David Fernández Calviño en la rueda de prensa en la que anunció su dimisión como diputado
photo_camera David Fernández Calviño en la rueda de prensa en la que anunció su dimisión como diputado

La renuncia al escaño anunciada por el diputado de Alternativa Galega de Esquerda David Fernández Calviño para retomar su carrera investigadora ha originado ciertas fricciones en el seno de la coalición AGE, que agrupa a los nacionalistas Anova y a Esquerda Unida (EU).

La siguiente en la lista sería Carmen Iglesias Sueiro, de EU, pero los planes del grupo parlamentario consistían en que corriese la lista y entrase la irmandiña Iolanda Pérez para mantener la equidad de las dos patas de la coalición. 

Sin embargo, Iglesias Sueiro ha expresado su intención de quedarse con el acta. Esto provocó que el grupo parlamentario y, especialmente, Esquerda Unida, le haya pedido a Fernández Calviño que "no deje el acta" por ahora. "Es la orden que tengo en este momento", ha reconocido el diputado de AGE.

Por su parte, la líder de EU, Yolanda Díaz ha desvinculado la situación de una crisis en el seno de la coalición con los de Xosé Manuel Beiras. "No hay crisis en la coalición, hay un problema personal que afecta a una organización política", ha manifestado.

 La coalición de AGE, que consiguió en las elecciones gallegas 200.000 votos y nueve escaños colocándose como tercera fuerza, y que cuenta con encuestas favorables para futuros comicios, tiene actualmente en el Parlamento cinco diputados de Esquerda Unida y cuatro de Anova, la organización que lidera Xosé Manuel Beiras.
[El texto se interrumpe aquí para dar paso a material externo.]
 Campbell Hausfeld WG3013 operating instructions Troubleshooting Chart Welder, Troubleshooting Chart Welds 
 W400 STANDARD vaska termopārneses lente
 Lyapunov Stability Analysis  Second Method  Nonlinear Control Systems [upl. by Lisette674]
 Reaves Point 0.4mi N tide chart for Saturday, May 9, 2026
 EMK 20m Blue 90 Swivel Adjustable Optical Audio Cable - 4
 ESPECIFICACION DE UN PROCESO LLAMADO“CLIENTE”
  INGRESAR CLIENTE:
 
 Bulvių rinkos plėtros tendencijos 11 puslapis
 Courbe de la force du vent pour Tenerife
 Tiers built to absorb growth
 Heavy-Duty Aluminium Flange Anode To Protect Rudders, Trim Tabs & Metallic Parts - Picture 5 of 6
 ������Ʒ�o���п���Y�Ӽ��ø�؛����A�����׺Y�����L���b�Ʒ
Si finalmente accediese Iglesias Sueiro, la formación nacionalista se quedaría con tres escaños, lo que le hace perder representación.
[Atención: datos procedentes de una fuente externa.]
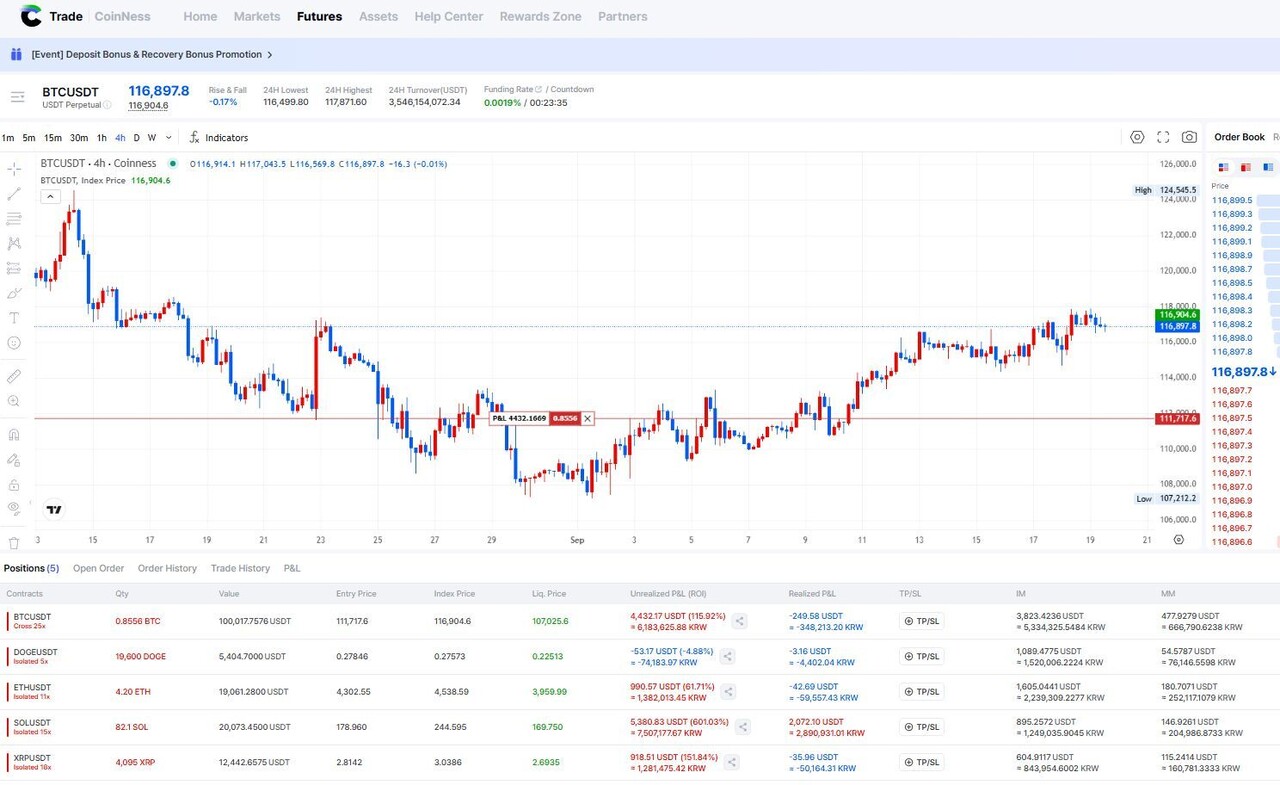 블라인드 | 암호화폐: 잘모르겠으면 메이저만 담자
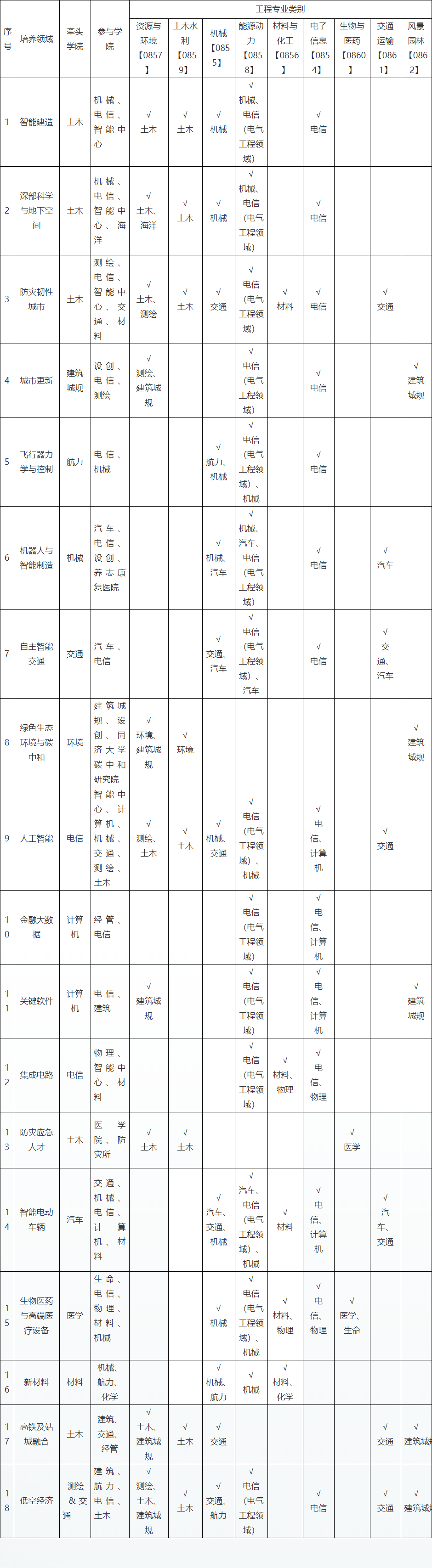 同济大学国家卓越工程师学院2026年非全日制工程类专业博士研究生专项招生通知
Amparada por la ley electoral

En este contexto, la renuncia de Fernández Calviño y la falta de disposición de Iglesias Sueiro a dejar su puesto abre una nueva situación en la que Esquerda Unida, según ha declarado Yolanda Díaz, está dispuesta a "hacer cumplir los estatutos" de la organización, ratificados en la asamblea de abril de este año, en los que la organización se reserva la pertenencia de las actas de los cargos electos.

Pero para Carmen Iglesias Sueiro, su decisión de no dejar correr la lista "se mantiene" y anuncia que cogerá el acta y trabajará "en el Parlamento gallego para la izquierda y para la causa".
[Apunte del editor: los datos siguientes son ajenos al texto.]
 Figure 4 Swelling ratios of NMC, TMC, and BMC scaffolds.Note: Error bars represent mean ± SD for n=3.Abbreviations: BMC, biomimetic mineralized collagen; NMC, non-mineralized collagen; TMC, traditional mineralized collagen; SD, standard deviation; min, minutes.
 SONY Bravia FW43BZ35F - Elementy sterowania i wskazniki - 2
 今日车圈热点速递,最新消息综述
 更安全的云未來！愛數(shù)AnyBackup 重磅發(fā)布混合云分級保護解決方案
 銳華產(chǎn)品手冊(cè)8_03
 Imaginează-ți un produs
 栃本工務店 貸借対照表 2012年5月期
"Lo que digo es que eso va a misa; no voy a renunciar al acta de diputada", ha afirmado Iglesias Sueiro, quien está avalada por la ley electoral, la cual, en reiteradas ocasiones, la propia IU ha pedido modificar con el fin de que las actas conseguidas pertenezcan a las organizaciones políticas para evitar, entre otras cuestiones, situaciones de transfuguismo.

Iglesias Sueiro ha indicado que irá actuando "en función de las circunstancias" y ha advertido de que ella asumirá el acta "en AGE o como independiente", pero "por supuesto" que no renunciará a su escaño.

Respectar a los votantes
Yolanda Díaz apela al cumplimiento de los "intereses colectivos" y, aunque reconoce que EU "no puede hacer nada legalmente", ha juzgado que las cuestiones personales "no pueden someter y contraatacar los intereses colectivos". En este sentido, ha avisado de que los votantes de AGE dijeron "sí a la correlación de fuerzas", la cual "se va a respetar".

El Consello Nacional de EU se reunirá este sábado para evaluar la situación.

Por su parte, el diputado ourensano de Toén ha señalado que "no es deseable" para él tener que marcharse para el país escandinavo en posesión de su acta, ya que "sería muy difícil" compaginar ambas tareas. Sin embargo, ha reconocido que "no es una decisión individual, sino colectiva" y atenderá lo que diga su grupo.